3. En el caso  en examen no se cumple el presupuesto atinente a que el actor haya  desplegado todos mecanismos ordinarios de defensa judicial a su  alcance antes de acudir a la acción de tutela, pues aunque es  cierto que la apoderada del demandante dentro del proceso ordinario  laboral, hoy solicitante del amparo, interpuso el recurso ordinario  de apelación contra la sentencia emitida por el Juzgado Doce  Laboral del Circuito de Barranquilla, también lo es que no  cumplió con una carga que le incumbía, cual era  sustentar su inconformidad, toda vez que en su intervención  para tal efecto omitió referirse a los argumentos del a quo  para cuestionarlos o controvertirlos. Tal la razón que condujo  al juzgador a no conceder la alzada. Esa defectuosa intervención  no puede ser remediada mediante la acción de tutela:  

(…) este mecanismo sólo puede operar  cuando todos los mecanismos anteriores han fallado y siempre que la  persona hubiere acudido a ellos de manera diligente. En este sentido,  la acción de tutela no suplanta ni reemplaza a los mecanismos  ordinarios ni puede servir para remediar la negligencia de alguna de  las partes procesales. (CC. 590/05).  

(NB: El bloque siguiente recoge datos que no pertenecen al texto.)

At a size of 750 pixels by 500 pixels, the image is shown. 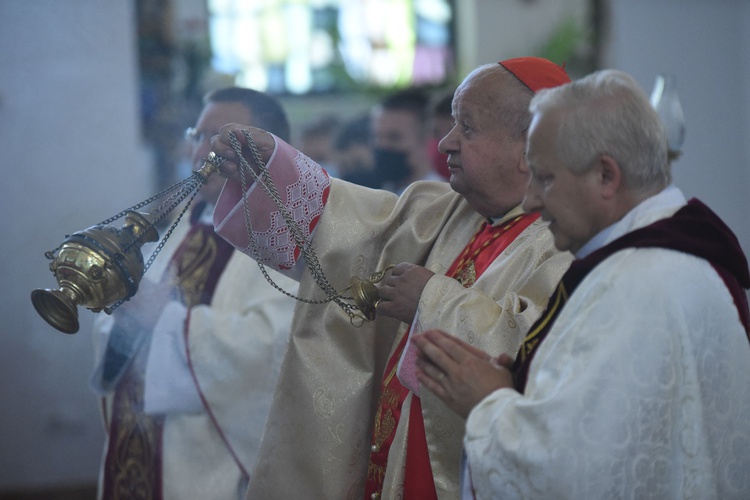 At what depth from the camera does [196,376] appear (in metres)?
3.40

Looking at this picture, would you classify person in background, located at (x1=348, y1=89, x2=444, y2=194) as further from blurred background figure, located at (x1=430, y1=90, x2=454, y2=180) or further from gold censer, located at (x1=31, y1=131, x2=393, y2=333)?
gold censer, located at (x1=31, y1=131, x2=393, y2=333)

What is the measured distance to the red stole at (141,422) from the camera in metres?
3.46

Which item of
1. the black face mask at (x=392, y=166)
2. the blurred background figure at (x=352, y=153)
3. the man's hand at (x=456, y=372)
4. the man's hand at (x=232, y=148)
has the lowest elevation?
the blurred background figure at (x=352, y=153)

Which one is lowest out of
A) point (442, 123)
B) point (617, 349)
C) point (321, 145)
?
point (321, 145)

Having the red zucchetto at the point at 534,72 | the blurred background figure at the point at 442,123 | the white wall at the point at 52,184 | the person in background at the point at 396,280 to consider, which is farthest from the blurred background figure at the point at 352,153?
the red zucchetto at the point at 534,72

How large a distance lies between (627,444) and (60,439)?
18.0 feet

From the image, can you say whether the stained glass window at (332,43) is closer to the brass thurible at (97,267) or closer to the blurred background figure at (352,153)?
the blurred background figure at (352,153)

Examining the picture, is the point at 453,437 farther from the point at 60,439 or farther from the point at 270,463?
the point at 60,439

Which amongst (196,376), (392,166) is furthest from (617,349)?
(392,166)

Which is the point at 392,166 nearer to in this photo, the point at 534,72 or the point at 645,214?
the point at 534,72

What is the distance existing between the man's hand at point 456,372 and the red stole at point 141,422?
1.80 m

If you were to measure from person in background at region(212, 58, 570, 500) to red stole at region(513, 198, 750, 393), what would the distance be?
27 cm

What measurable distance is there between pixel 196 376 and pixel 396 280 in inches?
47.4

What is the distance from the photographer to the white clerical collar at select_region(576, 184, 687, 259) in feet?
6.08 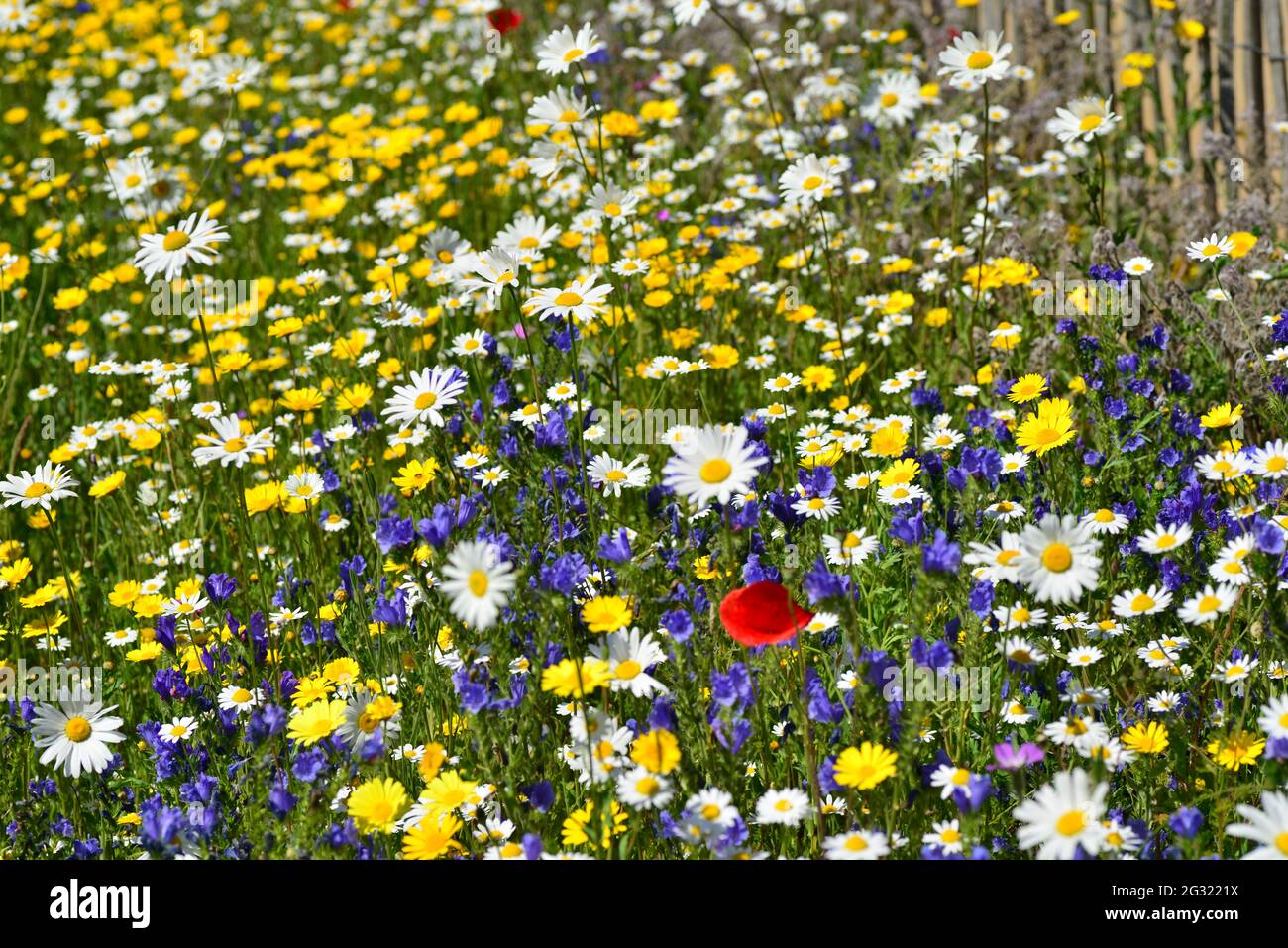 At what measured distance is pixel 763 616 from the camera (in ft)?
6.99

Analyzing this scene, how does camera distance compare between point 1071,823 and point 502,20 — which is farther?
point 502,20

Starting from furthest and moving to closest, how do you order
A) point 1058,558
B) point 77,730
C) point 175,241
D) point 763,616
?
point 175,241 → point 77,730 → point 763,616 → point 1058,558

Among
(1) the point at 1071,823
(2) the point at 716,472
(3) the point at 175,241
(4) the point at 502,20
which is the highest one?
(4) the point at 502,20

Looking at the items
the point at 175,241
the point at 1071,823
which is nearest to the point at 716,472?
the point at 1071,823

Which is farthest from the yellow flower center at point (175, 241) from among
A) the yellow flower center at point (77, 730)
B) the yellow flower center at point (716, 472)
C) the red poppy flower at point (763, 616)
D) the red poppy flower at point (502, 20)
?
the red poppy flower at point (502, 20)

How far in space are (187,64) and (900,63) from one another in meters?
4.12

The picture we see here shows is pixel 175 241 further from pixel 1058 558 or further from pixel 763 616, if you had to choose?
pixel 1058 558

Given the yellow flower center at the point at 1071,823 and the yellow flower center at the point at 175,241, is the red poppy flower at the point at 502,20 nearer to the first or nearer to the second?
the yellow flower center at the point at 175,241

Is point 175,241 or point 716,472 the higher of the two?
point 175,241

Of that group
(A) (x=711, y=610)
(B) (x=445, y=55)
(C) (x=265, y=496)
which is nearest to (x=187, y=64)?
(B) (x=445, y=55)

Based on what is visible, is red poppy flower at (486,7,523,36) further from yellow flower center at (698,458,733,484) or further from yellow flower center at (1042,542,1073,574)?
yellow flower center at (1042,542,1073,574)

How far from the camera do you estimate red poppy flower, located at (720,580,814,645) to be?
2.11 metres

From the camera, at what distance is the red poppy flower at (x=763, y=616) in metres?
2.11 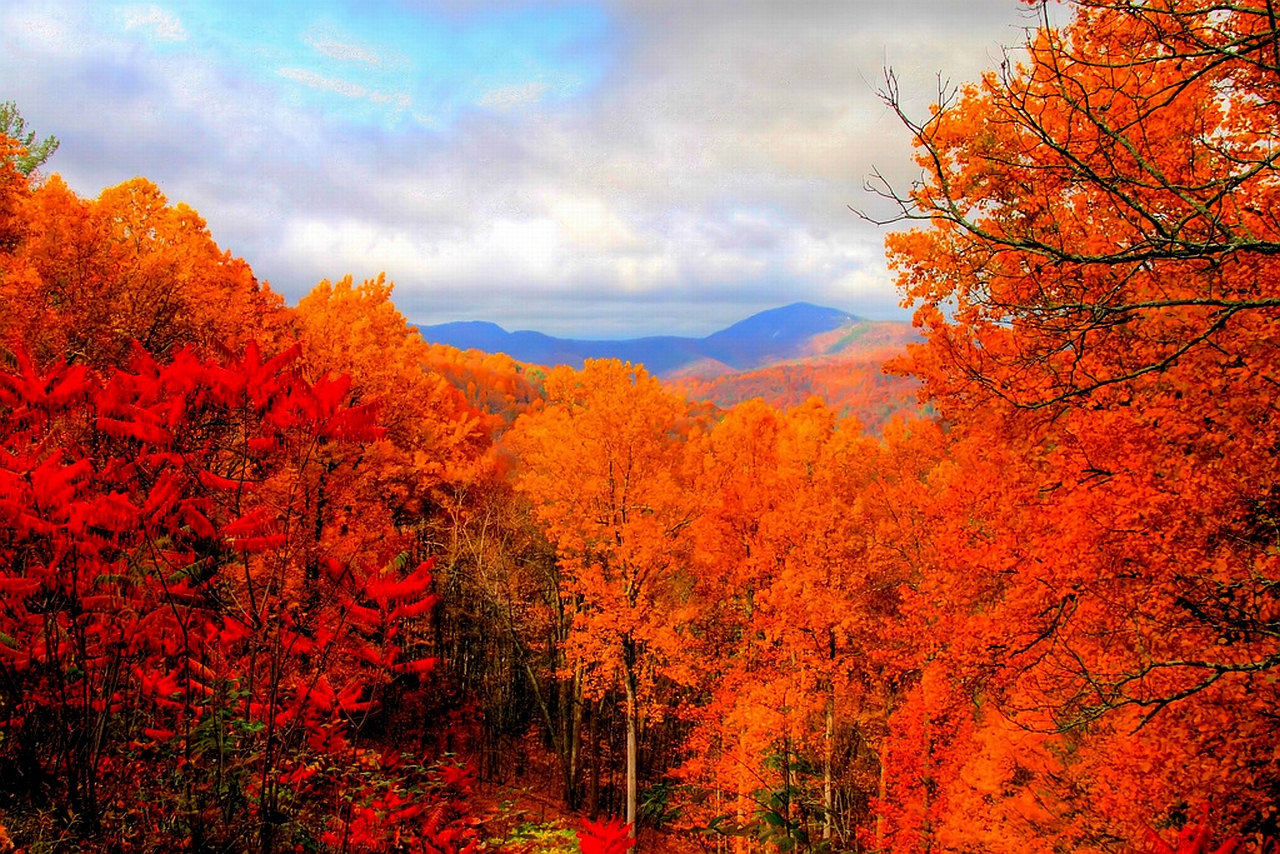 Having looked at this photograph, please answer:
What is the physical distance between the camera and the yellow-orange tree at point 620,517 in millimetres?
15383

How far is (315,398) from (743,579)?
1554 cm

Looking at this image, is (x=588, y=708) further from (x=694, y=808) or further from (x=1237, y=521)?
(x=1237, y=521)

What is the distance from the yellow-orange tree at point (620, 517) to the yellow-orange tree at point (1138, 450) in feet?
25.1

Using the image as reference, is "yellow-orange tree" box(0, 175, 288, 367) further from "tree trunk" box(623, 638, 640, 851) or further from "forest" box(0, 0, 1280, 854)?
"tree trunk" box(623, 638, 640, 851)

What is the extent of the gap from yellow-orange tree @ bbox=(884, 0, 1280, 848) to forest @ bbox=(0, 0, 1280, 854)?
5cm

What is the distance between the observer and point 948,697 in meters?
11.1

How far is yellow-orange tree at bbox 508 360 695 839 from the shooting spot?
1538 centimetres

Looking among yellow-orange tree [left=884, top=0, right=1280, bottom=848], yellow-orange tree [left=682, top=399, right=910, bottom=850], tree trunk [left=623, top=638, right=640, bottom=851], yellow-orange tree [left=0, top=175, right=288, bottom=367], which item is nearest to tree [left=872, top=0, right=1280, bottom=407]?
yellow-orange tree [left=884, top=0, right=1280, bottom=848]

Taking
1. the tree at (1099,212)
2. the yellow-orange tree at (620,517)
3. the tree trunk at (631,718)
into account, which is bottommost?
the tree trunk at (631,718)

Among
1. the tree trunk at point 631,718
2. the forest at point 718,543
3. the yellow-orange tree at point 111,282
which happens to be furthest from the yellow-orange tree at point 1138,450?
the yellow-orange tree at point 111,282

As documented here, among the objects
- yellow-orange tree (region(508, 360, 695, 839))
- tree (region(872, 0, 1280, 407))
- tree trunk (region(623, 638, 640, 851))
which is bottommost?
tree trunk (region(623, 638, 640, 851))

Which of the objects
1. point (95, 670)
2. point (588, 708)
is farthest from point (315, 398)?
point (588, 708)

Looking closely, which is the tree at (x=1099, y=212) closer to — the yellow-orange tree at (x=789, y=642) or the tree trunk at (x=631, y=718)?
the yellow-orange tree at (x=789, y=642)

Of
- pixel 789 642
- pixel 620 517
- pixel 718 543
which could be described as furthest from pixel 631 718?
pixel 718 543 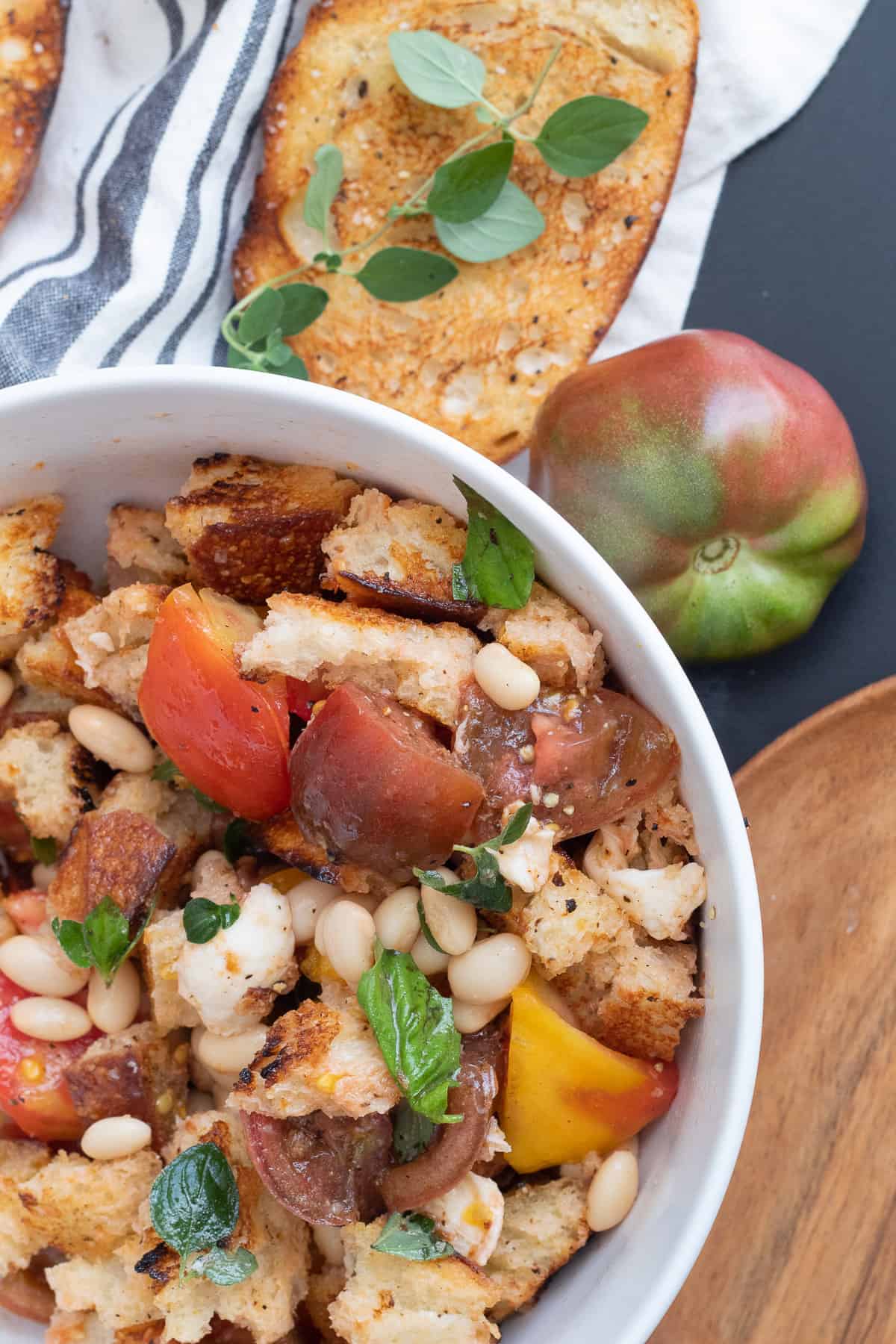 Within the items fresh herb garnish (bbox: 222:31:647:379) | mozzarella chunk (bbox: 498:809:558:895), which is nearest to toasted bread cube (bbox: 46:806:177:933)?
mozzarella chunk (bbox: 498:809:558:895)

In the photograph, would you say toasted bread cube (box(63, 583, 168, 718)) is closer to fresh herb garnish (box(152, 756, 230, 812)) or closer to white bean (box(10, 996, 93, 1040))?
fresh herb garnish (box(152, 756, 230, 812))

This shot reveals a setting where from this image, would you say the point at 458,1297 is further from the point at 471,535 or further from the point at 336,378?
the point at 336,378

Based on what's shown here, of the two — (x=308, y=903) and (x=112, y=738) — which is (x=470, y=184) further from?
(x=308, y=903)

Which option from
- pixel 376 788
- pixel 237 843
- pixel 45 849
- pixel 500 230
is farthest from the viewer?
pixel 500 230

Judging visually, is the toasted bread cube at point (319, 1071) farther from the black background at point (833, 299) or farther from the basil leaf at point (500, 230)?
the basil leaf at point (500, 230)

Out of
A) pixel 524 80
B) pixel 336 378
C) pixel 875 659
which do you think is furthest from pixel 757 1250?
pixel 524 80

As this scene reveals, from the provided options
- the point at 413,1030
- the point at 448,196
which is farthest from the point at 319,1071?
the point at 448,196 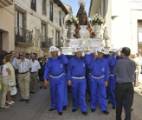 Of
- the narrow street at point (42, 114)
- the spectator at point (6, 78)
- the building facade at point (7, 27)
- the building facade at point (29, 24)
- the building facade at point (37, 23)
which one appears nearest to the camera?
the narrow street at point (42, 114)

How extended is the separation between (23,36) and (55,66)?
14809 millimetres

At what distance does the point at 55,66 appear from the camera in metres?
13.2

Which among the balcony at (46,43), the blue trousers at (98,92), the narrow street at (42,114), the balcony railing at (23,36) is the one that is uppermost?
the balcony railing at (23,36)

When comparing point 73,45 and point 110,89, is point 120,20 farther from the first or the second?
point 110,89

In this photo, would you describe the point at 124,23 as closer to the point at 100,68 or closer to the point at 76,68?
the point at 100,68

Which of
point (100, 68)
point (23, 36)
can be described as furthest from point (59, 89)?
point (23, 36)

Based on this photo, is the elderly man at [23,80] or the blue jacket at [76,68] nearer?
the blue jacket at [76,68]

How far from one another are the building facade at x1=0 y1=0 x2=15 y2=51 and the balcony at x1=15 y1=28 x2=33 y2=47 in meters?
1.80

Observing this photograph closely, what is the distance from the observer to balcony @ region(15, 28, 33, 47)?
1038 inches

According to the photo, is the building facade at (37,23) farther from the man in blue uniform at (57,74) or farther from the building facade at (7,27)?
the man in blue uniform at (57,74)

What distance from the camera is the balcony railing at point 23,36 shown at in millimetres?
26391

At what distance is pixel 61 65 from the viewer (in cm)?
1324

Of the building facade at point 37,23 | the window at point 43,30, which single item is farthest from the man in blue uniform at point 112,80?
the window at point 43,30

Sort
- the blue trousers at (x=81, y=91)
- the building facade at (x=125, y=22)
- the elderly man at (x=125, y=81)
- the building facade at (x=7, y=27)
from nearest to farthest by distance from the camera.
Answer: the elderly man at (x=125, y=81)
the blue trousers at (x=81, y=91)
the building facade at (x=7, y=27)
the building facade at (x=125, y=22)
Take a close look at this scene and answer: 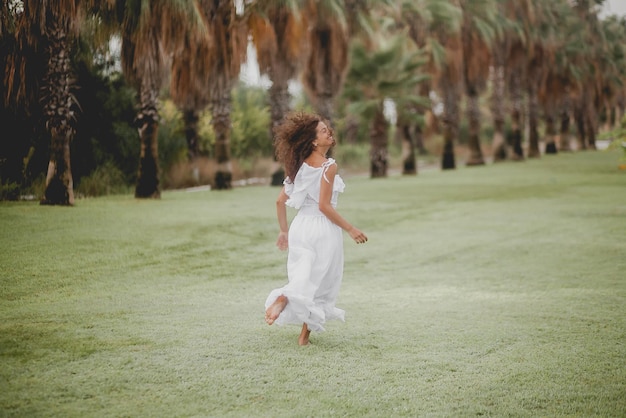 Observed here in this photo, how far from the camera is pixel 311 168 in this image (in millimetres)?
5324

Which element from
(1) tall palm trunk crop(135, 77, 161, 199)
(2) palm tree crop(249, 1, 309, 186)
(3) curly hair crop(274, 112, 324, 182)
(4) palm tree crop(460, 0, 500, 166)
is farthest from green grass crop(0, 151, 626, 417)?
(4) palm tree crop(460, 0, 500, 166)

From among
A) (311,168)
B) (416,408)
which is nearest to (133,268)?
(311,168)

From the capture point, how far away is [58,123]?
13.0 m

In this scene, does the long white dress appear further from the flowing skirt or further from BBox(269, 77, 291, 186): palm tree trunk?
BBox(269, 77, 291, 186): palm tree trunk

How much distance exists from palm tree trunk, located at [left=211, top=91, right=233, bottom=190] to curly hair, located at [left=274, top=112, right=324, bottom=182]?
15328 millimetres

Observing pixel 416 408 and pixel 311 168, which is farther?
pixel 311 168

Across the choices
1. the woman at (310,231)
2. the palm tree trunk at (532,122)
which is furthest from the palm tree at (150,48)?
the palm tree trunk at (532,122)

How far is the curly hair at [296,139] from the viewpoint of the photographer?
5379mm

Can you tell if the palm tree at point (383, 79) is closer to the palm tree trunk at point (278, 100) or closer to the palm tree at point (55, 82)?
the palm tree trunk at point (278, 100)

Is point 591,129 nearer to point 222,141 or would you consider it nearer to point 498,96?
point 498,96

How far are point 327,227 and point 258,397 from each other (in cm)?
156

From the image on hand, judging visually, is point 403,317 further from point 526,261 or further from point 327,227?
point 526,261

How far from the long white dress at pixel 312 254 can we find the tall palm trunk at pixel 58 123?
8.72 meters

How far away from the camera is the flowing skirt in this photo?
16.6 feet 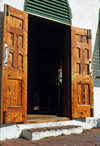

4. Por otra  parte, es claro que entre la fecha de emisión del fallo de  segunda instancia por parte del Tribunal Superior del Distrito  Judicial de Barranquilla, Sala de Decisión Laboral, esto es,  el 22 de noviembre de 2016, y la calenda de la presentación de  la demanda de tutela, vale decir, el 10 de octubre de 2017,  transcurrieron más de nueve (9) meses, que denotan la falta de  inmediatez en el reclamo, toda vez que, conforme se pudo apreciar en  el video correspondiente, el señor RAFAEL CHARRIS TORRES  estuvo presente en la audiencia de segunda instancia y, por tanto,  quedó inmediatamente notificado en estrados de la decisión  del ad quem.  

Situación  bien diferente es que su apoderado tan sólo haya acudido a  solicitar copias del expediente el 17 de julio de 2017 (fol. 20 cdo.  demanda), pese a que desde el 30 de enero del mismo año el  Juez Doce Laboral del Circuito de Barranquilla ordenó cumplir  lo resuelto por su superior (fol. 19 cdo. demanda).  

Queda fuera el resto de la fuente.